(Short descriptive text snippets)

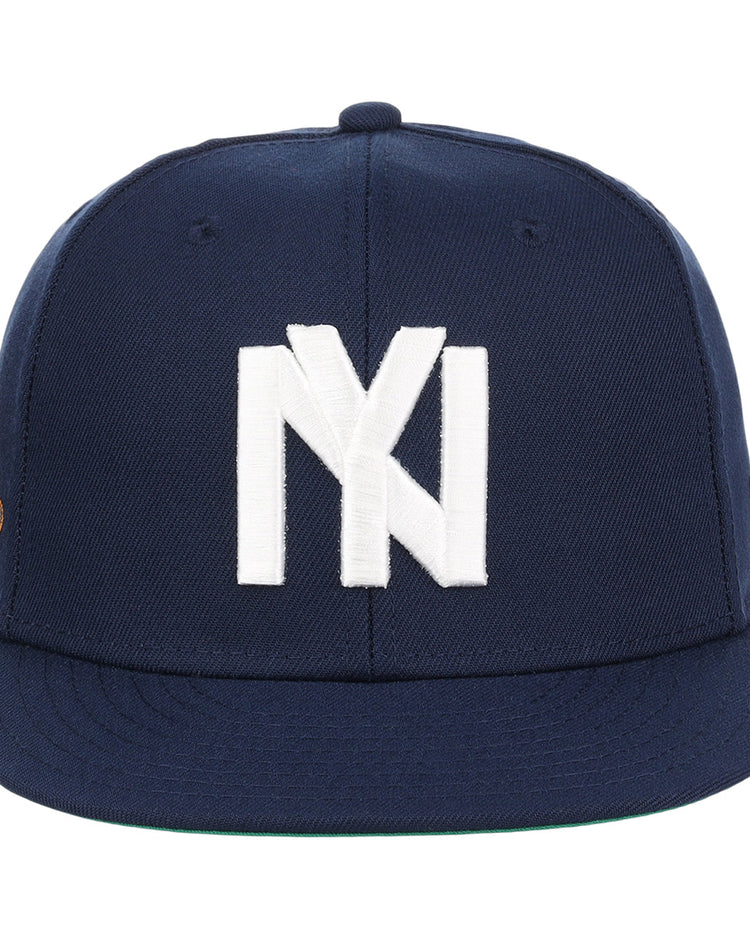 The EFF Brooklyn Eagles NLB Team Color Fitted Ballcap is a navy cap with a large white NY logo on the front, a flat brim, and a small patch on the left side.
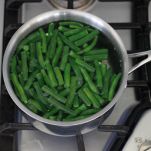 Sauté di fagiolini, piselli e pomodorini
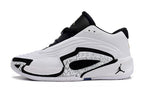 Side profile of a white Jordan Luka 3 shoe with black trim and a patterned panel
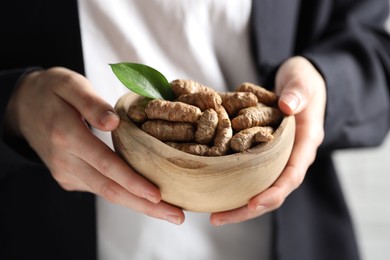 Photo of Woman holding bowl with raw turmeric roots on light background, closeup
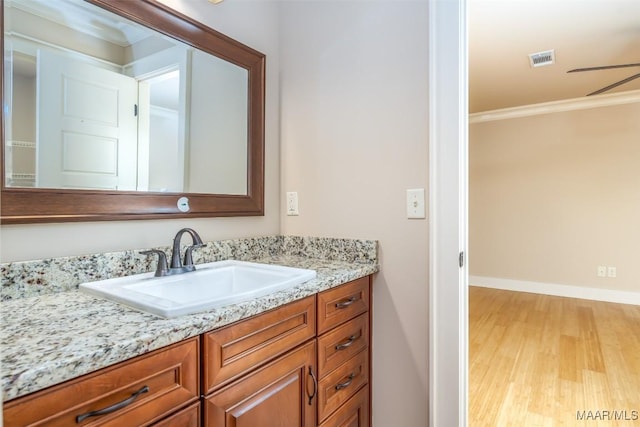 8460 Rockbridge Cir, Montgomery, AL 36116 - bathroom with wood finished floors, ornamental molding, vanity, and baseboards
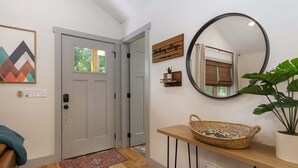 A hallway with a wooden floor, a white door, a wall-mounted mirror, a basket on a shelf, and a plant. - Birdsong Cottage | Gorgeous Lake Junaluska Retreat (Waynesville)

- [YOUR INSTRUCTIONS] Repeat each entry precisely as it appears. Leave the pictures out.

- [ANSWER SECTION]
 The EFF Brooklyn Eagles NLB Team Color Fitted Ballcap is a navy cap with a large white NY logo on the front, a flat brim, and a small patch on the left side.
 Sauté di fagiolini, piselli e pomodorini
 Side profile of a white Jordan Luka 3 shoe with black trim and a patterned panel
 Photo of Woman holding bowl with raw turmeric roots on light background, closeup
 8460 Rockbridge Cir, Montgomery, AL 36116 - bathroom with wood finished floors, ornamental molding, vanity, and baseboards
 A hallway with a wooden floor, a white door, a wall-mounted mirror, a basket on a shelf, and a plant. - Birdsong Cottage | Gorgeous Lake Junaluska Retreat (Waynesville)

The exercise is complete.